I worked for the International Offices of the Church of God from 1996 to 2010, when my department was abolished.  In that time I got a chance to get out and look at this denomination from a broader perspective than most lay people get to do from a local church viewpoint.  In the process my idea of many things was changed, from the way church politics really work (I find a great deal of the CW on that subject hard to take) to what it really means to be a part of a multi-ethnic, multi-cultural institution that the Church of God is.  It’s the latter I want to concentrate on, because what I experience will probably upset some people, as it doesn’t fit with their conventional wisdom.

The Church of God, more so than some other Pentecostal denominations (such as the Assemblies of God), is a distinctly “Southern” institution.  That may seem odd since part of the “heartland” of the church is in the mountains of West Virginia, Kentucky and Tennessee, which was not a slaveholding region and generally favoured the Union during the Civil War.  (In the case of West Virginia, they seceded from Virginia to become their own state).  It’s easier to understand the culture if we focus on the ethnic origins of the people: the majority of people in these areas (and other places) are Scots-Irish, and they brought their culture to the church they became a part of.

Now I’ve spent a great deal of time on this blog on the subject of the Scots-Irish, with controversy following.  The point I want to make on that subject here is that, as my Russian friends would say, the Scots-Irish are a very “specific” people, with some very unique cultural qualities that have moulded the life of the church.  Don’t drink alcohol? Best way to deal with serious binge drinking.  “Clothesline” religion? A counter to provocative dressing from Colonial times to the days of Andy Capp.  Like preachers to holler?  The custom from the “old country”.  Bringing the saving knowledge of Jesus Christ to a people for whom “moderation” was a dirty word was tough, but it was done, and you really have to admire the people who did it.

The Church of God is also a Pentecostal church, and in its early years it reached out both domestically and internationally to the extent its limited resources allowed.  It did so to many different types of people, especially black people.  At the turn of the last century, this country wasn’t ready for a truly integrated church, and the early Pentecostals found themselves up against it early.  In the case of the Assemblies of God, they were set forth by the Church of God in Christ; in the Church of God, a black “church within a church” was started, one which wasn’t officially integrated back into the church until the 1960’s (there are vestiges of this still, such as the situation in Florida).
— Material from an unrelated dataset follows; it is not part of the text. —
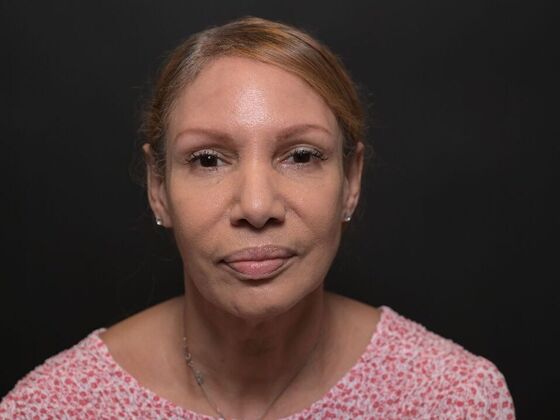 Facial Rejuvenation: FaceTite with Morpheus8 Face and Neck - Before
Outside of the U.S. the usual pattern emerged: Pentecostal churches appealed first to those at the margins of society, and they tended to be non-white.  But missions begat missions: as people in the Church of God from places such as the Bahamas (the church’s first mission field), Jamaica, Haiti, Mexico, Guatemala and even India began to move to places such as the UK, Canada and the US, they took the church with them, and the countries they came from became (to varying degrees) the “home front”.

This was the situation I found when I came to work.  Our department, which was charged with promoting men’s ministries and personal evangelism, would go out to an ethnic kaleidoscope of people and churches.  I got to know some really fantastic people with whom I would not have associated with otherwise.  It even got humorous at times, when the head of Black Ministries quizzed me down about growing up in Palm Beach.  And these people were loyal to our church: they were interested in what we had to offer and welcomed us into their churches and states.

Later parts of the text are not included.